Ege Üniversitesinin medeniyetine, kültürüne sahip çıkan, milli ve manevi değerlerin taşıyıcısı gençler yetiştirmeye devam edeceğini vurgulayan Prof. Dr. Ersan, Ege Üniversitesi olarak, atalarımızdan devraldığımız mirasın ve sorumluluklarımızın bilinciyle, Mehmet Akif’in dizeleriyle yüreğimize işlediği vatan sevgisine, bu kutsal vatana ve tarihimize ilelebet sahip çıkacağız. Ulu Önder Mustafa Kemal Atatürk önderliğinde, Türk milletinin şanlı mücadelesiyle kazanılan tüm değerlerimizi, yetiştirdiğimiz nesiller ile daha da güçlendireceğiz. Biliyoruz ki bu yolda ihtiyaç duyduğumuz en temel güç; medeniyetine, kültürüne sahip çıkan, milli ve manevi değerlerimizin taşıyıcısı olacak gençlerimizdir. Şanlı tarihimizin bize anlattığı dersler ışığında yetiştirdiğimiz nesiller ile hem geleceğimizi inşa edecek hem de milli ve manevi mirasımızı sürdürülebilir kılacağız. Bu düşüncelerle sözlerime son verirken, Mehmet Akif Ersoy başta olmak üzere İstiklal mücadelemizin tüm kahramanlarını rahmetle, minnetle yâd ediyorum. Bu kıymetli etkinlik kapsamında yapacağı paylaşımlardan dolayı Dokuz Eylül Üniversitesi Öğretim Üyesi Doç. Dr. Sabahattin Çağın’a teşekkür ediyor, etkinliğe yoğun ilgi gösteren tüm katılımcıları tebrik ediyorum” dedi.
“Mehmet Akif, vatanın işgali karşısında sessiz kalmıyor”

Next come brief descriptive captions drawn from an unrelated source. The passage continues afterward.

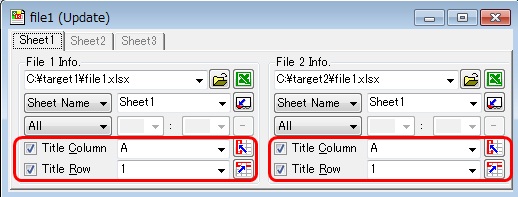 Setting screen of title row and title column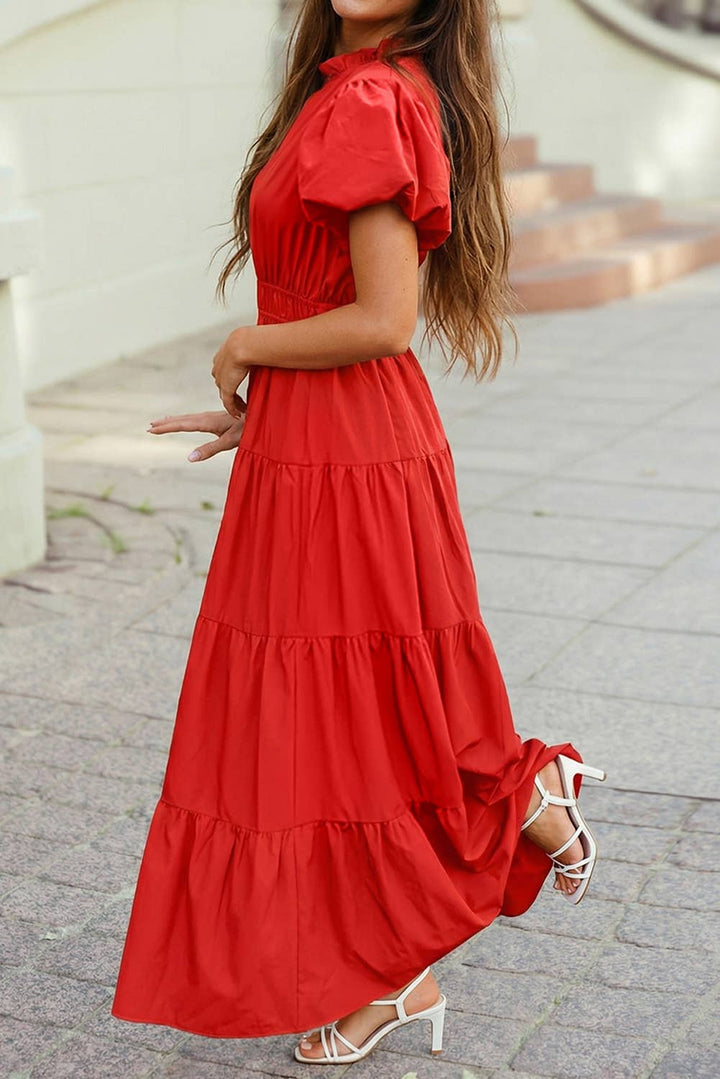 Color V Neck Short Puff Sleeve High Waist Tiered Maxi Dress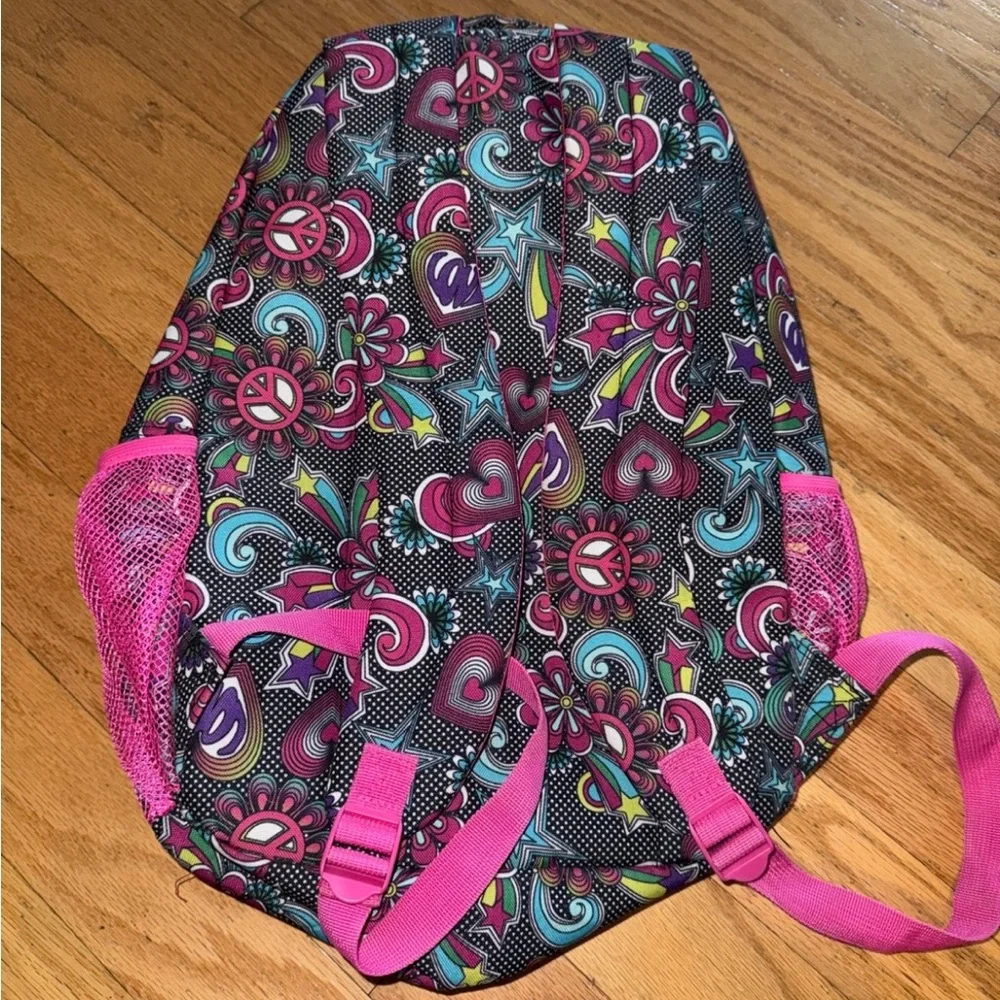 Sketchers Backpack Double Zip Multi Color Peace Signs Hearts Rainbows and Stars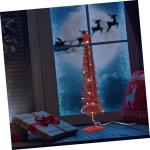 1stk Leuchtender Weihnachtsbaum Beleuchtete Birke Künstliches Baumlicht Künstlicher Gefälschter Weihnachtsbaum Bleistiftbaum Beleuchten Desktop-Weihnachtsbaum Schmiedeeisen Rot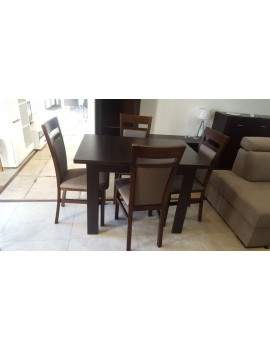 SET of BRW extending dining table and 4 chairs Kamil 2 wenge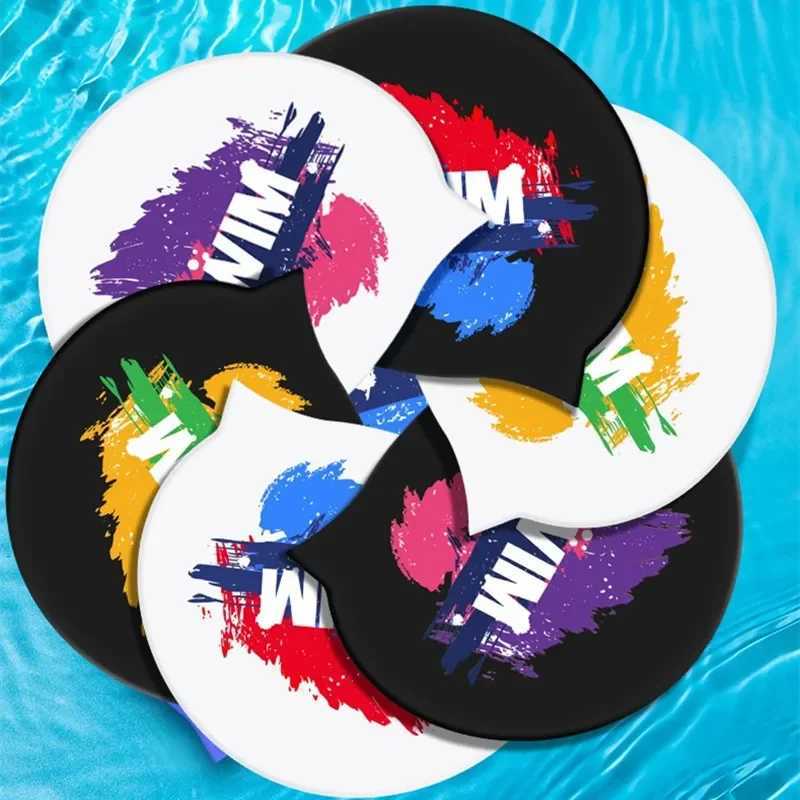 Printed swimming cap silicone anti slip waterproof mens swimming cap high elasticity long hair ear protection adult swimming cap CL241009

Sunumunda İstiklal Marşı’nın kaleme alındığı süreç ve koşulları değerlendiren Doç. Dr. Sabahattin Çağın, “Dünya Savaşı ile birlikte ülkenin düşmanlar tarafından işgal edilmesi toplumda büyük bir yıpranmaya yol açıyor. Dönemin gazete ve dergilerinde şiddetli protesto yazıları yazılırken, ülkenin çeşitli şehirlerinde de protesto mitingleri yapılıyor. Mehmet Akif Ersoy, o güne kadar toplumla daima iç içe olmuş bir şair olduğundan, vatanın işgali karşısında sessiz kalmıyor. Mehmet Akif, Ankara’ya giderek Milli Mücadele’nin saflarına katılıyor. O günlerde Kurtuluş Savaşı’nı başlatan Ankara Hükümetinin yayın organı olan Hâkimiyet-i Milliye’de ‘Türk şairlerinin nazar-ı dikkatine’ başlıklı bir ilan yayınlanıyor. Bu ilanda Türklerin bir milli marşının olmadığı, bu milli marşı oluşturmak için bir yarışma açıldığı ve kazanana 500 lira ödül verileceği yazılıyor. Yarışmanın tek bir şartı, şiirin Milli Mücadelenin ruhuna uygunluğu oluyor. İlanın ardından 724 şiir yarışmaya katılıyor ve bunların içinden bir seçme yapılıyor. Ön elemeyi 24 şiir geçiyor. Ancak ne yazık ki ilandaki tek şartı karşılayan bir şiir bulunmuyor” dedi.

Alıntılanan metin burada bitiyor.